[Captioned web images]
※ ※ ※
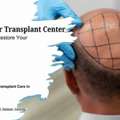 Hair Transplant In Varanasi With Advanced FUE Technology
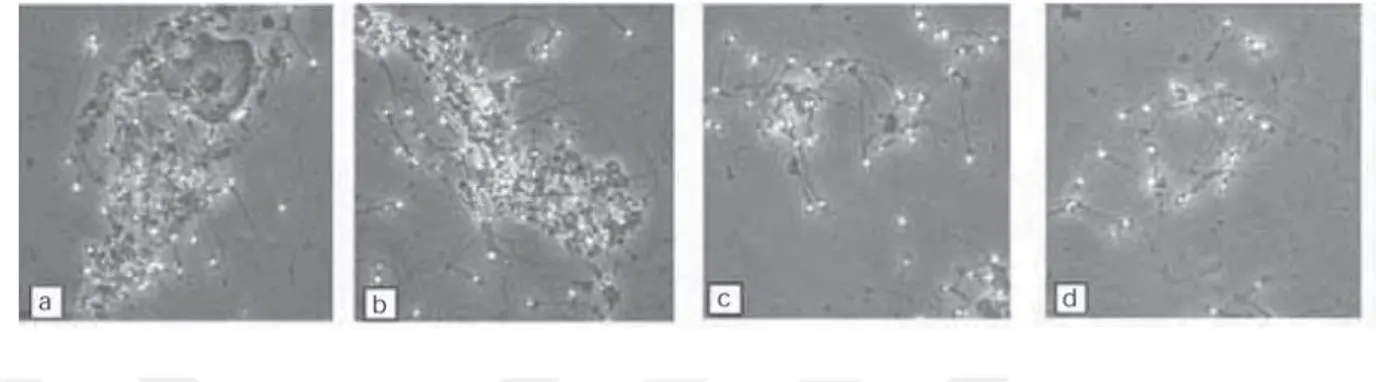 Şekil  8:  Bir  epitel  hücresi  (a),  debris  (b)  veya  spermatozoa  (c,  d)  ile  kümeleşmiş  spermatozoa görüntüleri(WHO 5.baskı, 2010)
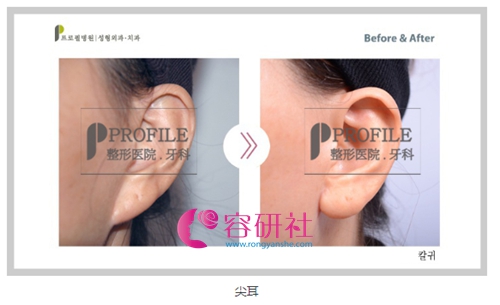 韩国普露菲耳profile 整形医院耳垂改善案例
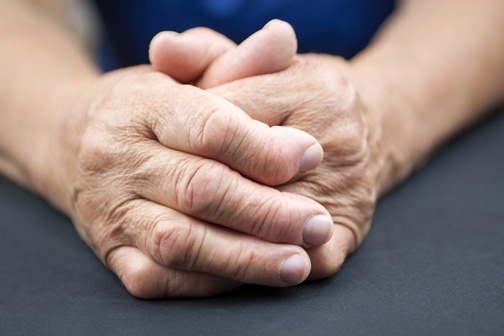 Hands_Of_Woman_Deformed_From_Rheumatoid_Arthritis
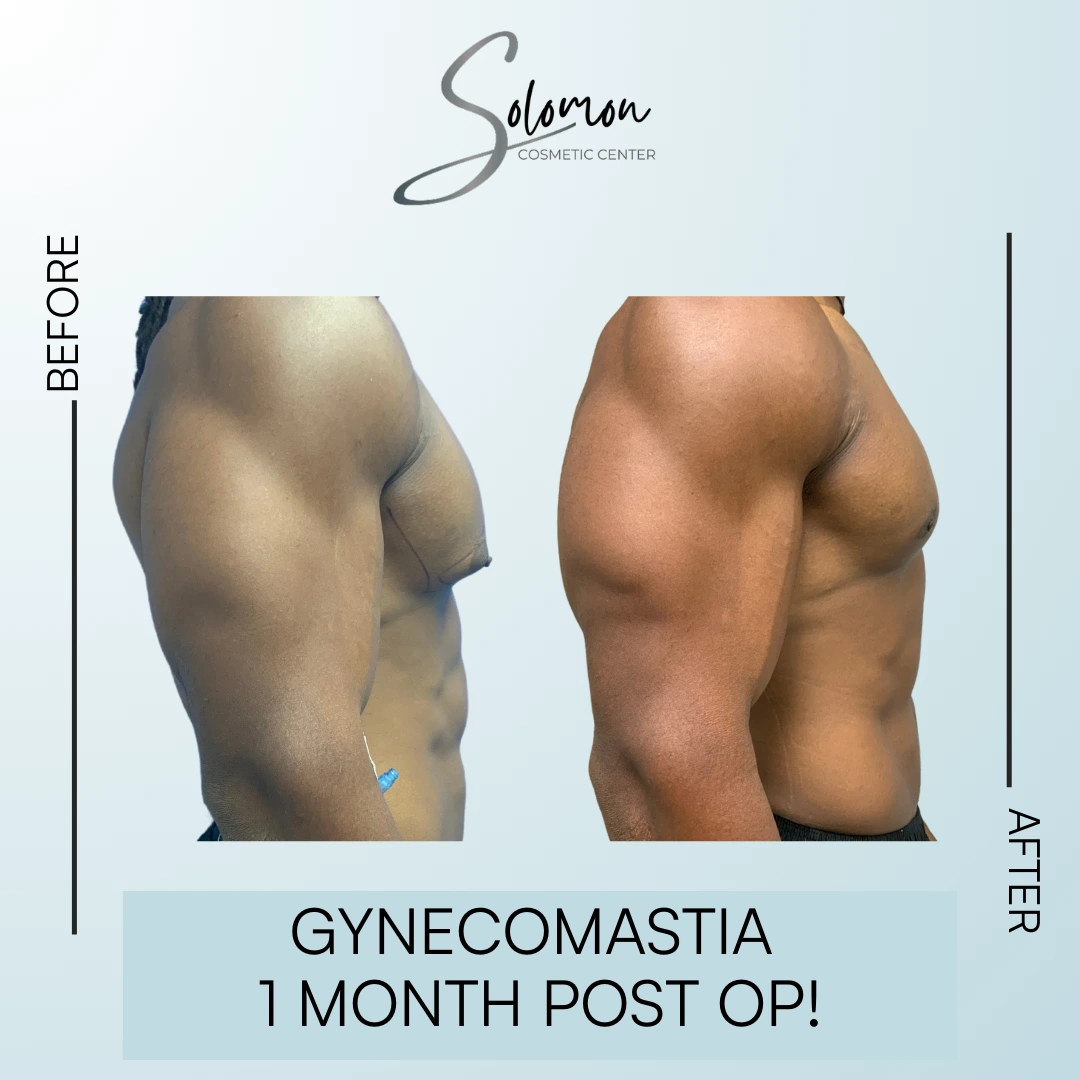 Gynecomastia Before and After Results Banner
※ ※ ※
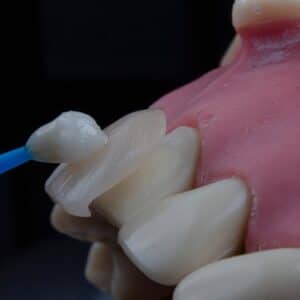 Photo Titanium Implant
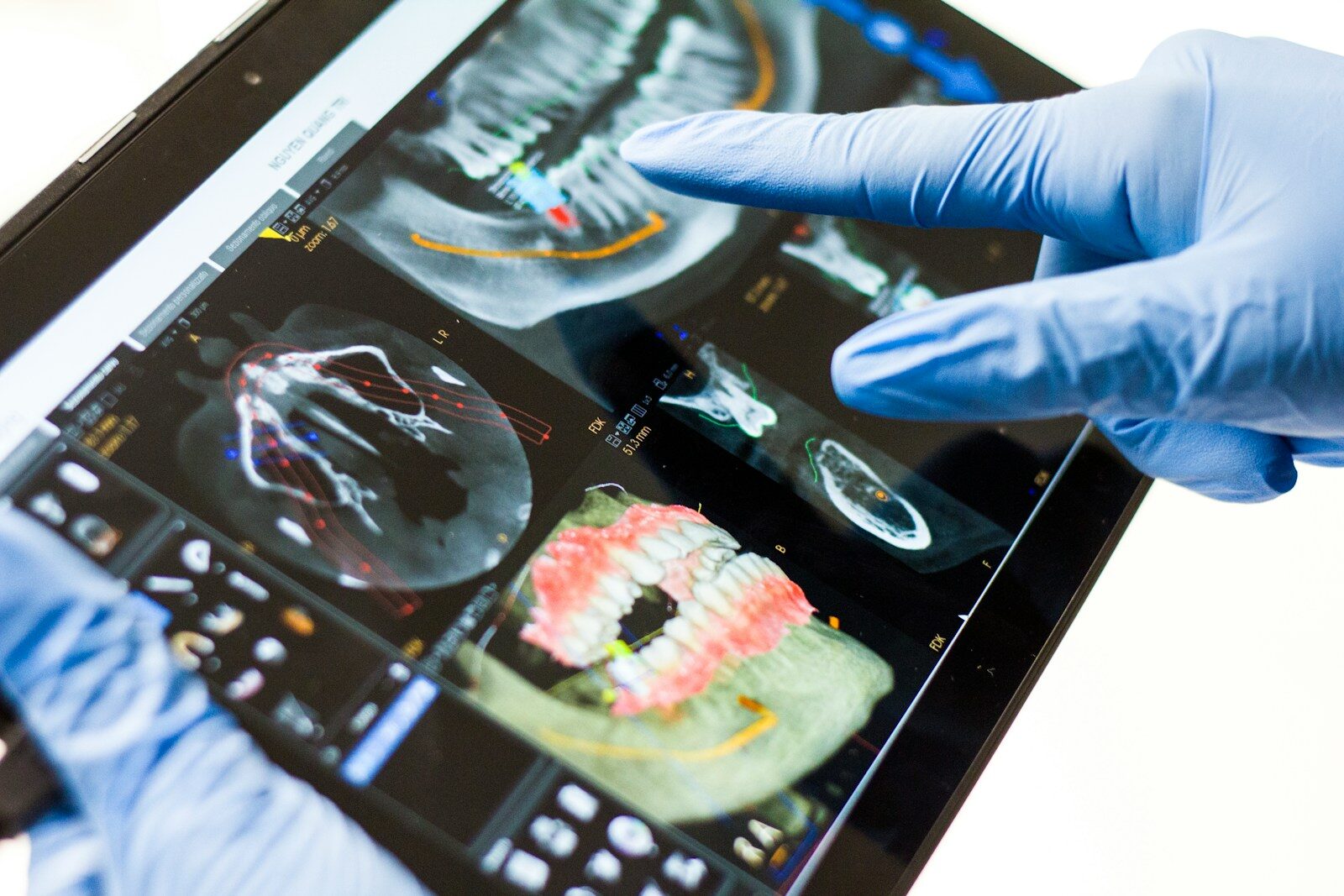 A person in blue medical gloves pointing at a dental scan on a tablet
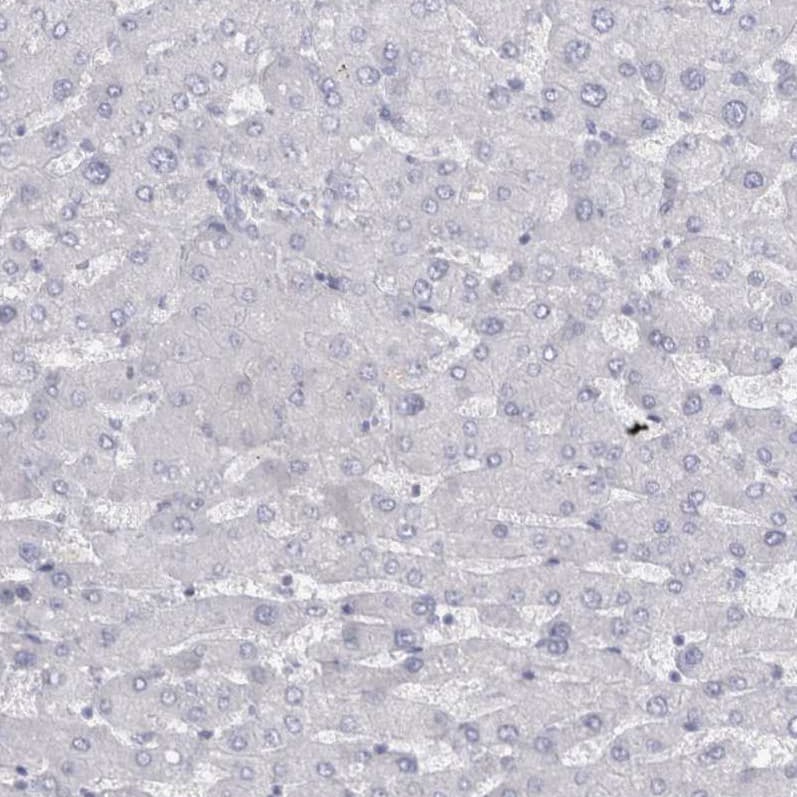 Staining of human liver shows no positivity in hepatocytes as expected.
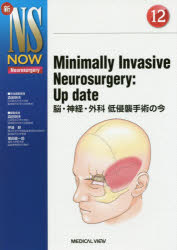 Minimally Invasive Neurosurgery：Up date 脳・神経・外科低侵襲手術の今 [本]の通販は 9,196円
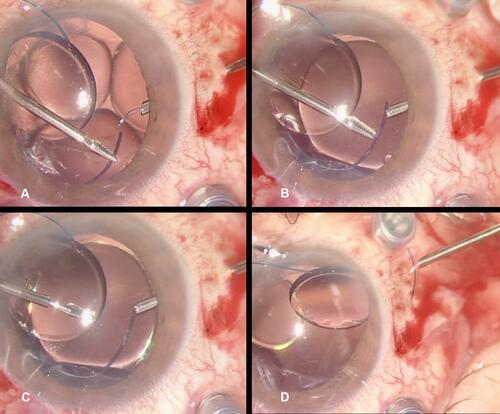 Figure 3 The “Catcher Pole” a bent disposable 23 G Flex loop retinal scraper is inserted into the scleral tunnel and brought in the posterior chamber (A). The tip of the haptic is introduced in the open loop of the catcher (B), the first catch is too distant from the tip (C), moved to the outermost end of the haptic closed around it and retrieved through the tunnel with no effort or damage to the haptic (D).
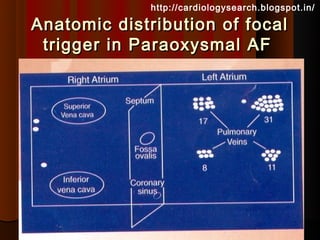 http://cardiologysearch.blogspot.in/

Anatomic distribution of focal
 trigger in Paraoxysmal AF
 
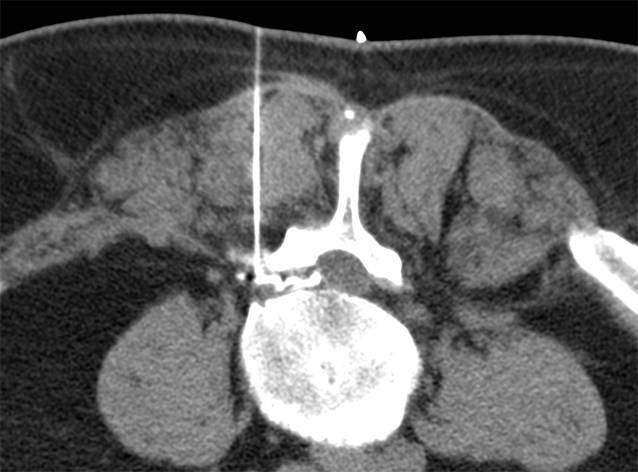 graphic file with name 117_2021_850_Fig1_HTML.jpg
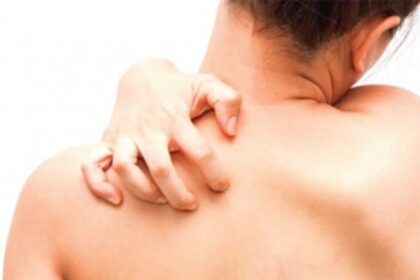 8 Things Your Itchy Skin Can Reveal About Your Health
※ ※ ※
Task objective: With the pictures omitted, restate word for word the lines above from the line that has "Anatomic distribution of focal" up to and including the line that has "8 Things Your", and no other lines.

Reply to the exercise:
Anatomic distribution of focal
 trigger in Paraoxysmal AF
 
 graphic file with name 117_2021_850_Fig1_HTML.jpg
 8 Things Your Itchy Skin Can Reveal About Your Health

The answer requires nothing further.